# ABOUT THIS TASK:
After finding the line with "Dank je wel" in the entries below, retype exactly each line from there through the line with "World of Warships", including that final line.

# MATERIAL SHOWN:
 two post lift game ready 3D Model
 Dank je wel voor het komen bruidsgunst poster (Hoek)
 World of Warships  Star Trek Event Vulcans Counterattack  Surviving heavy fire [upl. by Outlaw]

...

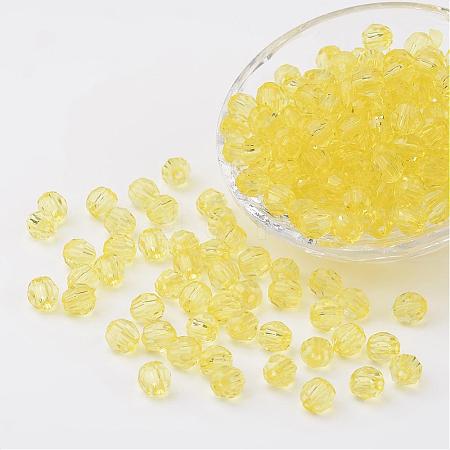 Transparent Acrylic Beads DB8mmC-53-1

---

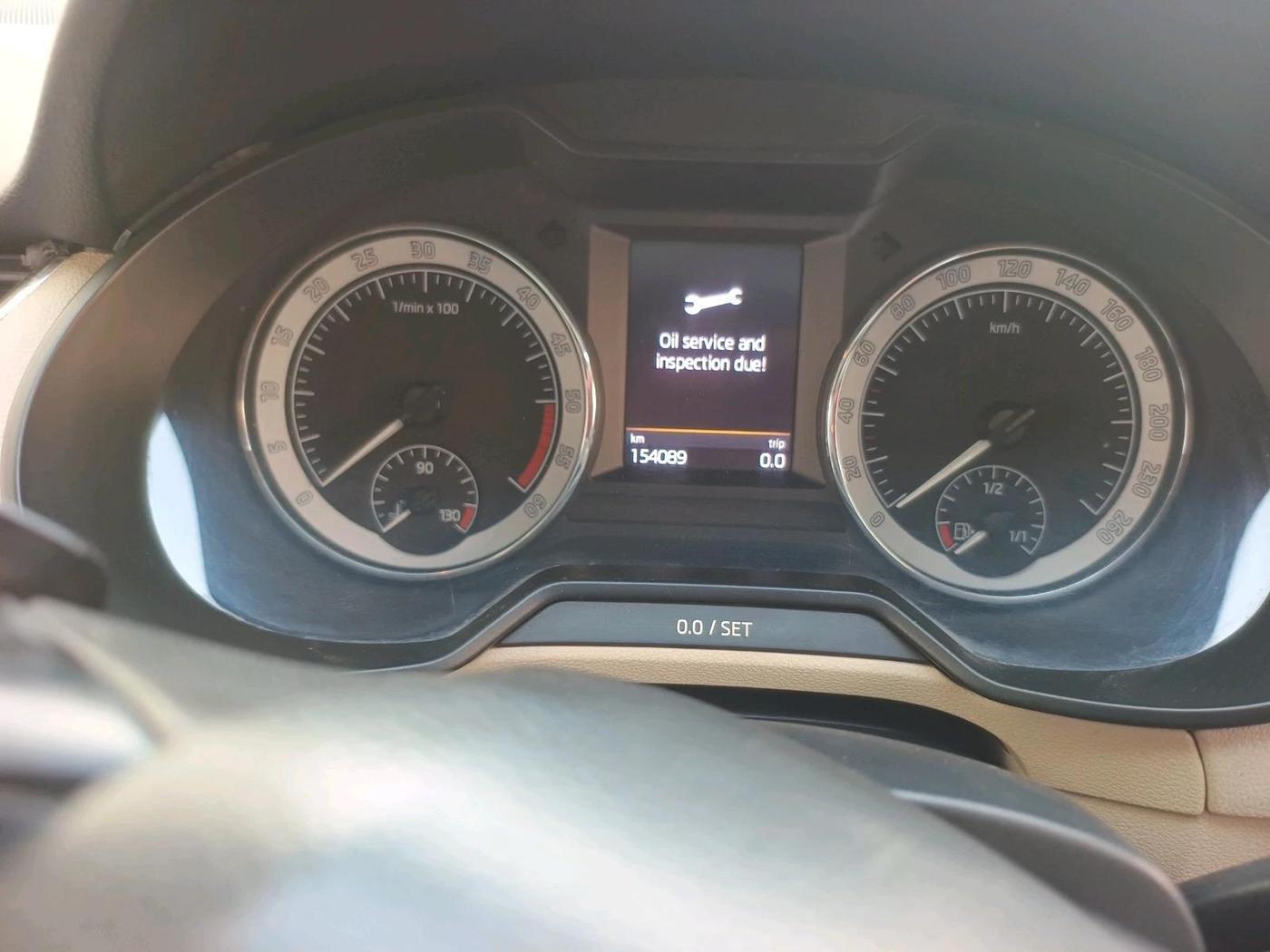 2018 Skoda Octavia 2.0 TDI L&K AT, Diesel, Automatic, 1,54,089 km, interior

# REPLY TO THE EXERCISE:
 Dank je wel voor het komen bruidsgunst poster (Hoek)
 World of Warships  Star Trek Event Vulcans Counterattack  Surviving heavy fire [upl. by Outlaw]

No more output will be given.